Prof. Dr. Harald Brune,
École Polytechnique Fédérale de Lausanne (EPFL), Lausanne, Switzerland

PGI Lecture Hall, Building 04.8, 2nd Floor, Room 365

20.04.2018 11:00 Uhr

The Smallest Permanent Magnets

Until two years ago, the smallest permanent magnets were single molecular magnets. They are promising candidates for magnetic information storage, molecular spintronics, and quantum bits [1, 2]. Surface Science has opened up an alternative approach to this field in studying the magnetic properties of single atoms adsorbed onto surfaces. Spectacular properties such as very large magnetic anisotropies were reported, but until two years ago, all atoms were paramagnetic.

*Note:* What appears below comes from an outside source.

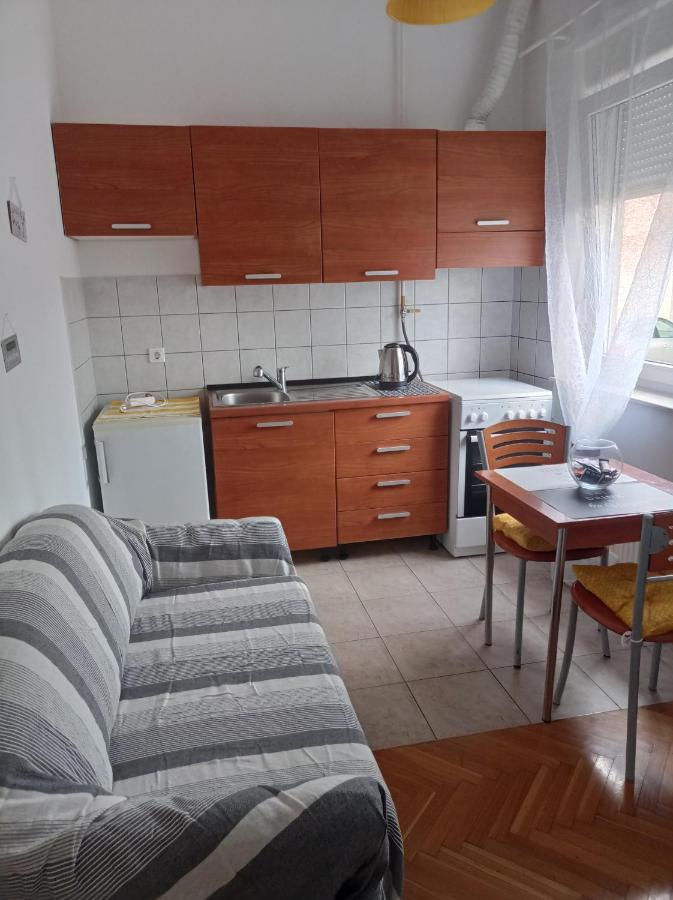 Donata Apartment Osijek Luaran gambar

BruneCopyright: Prof. Dr. Brune

Very recently a major breakthrough was achieved by identifying systems where a single surface adsorbed atom can indeed be a stable magnet. Ho atoms on two monolayer thick MgO(100) films grown on Ag(100) where found to exhibit magnetic remanence up to 30 K and relaxation times of at least one hour at 2 K [3]. This result was obtained from ensemble measurements using X-ray magnetic circular dichroism (XMCD).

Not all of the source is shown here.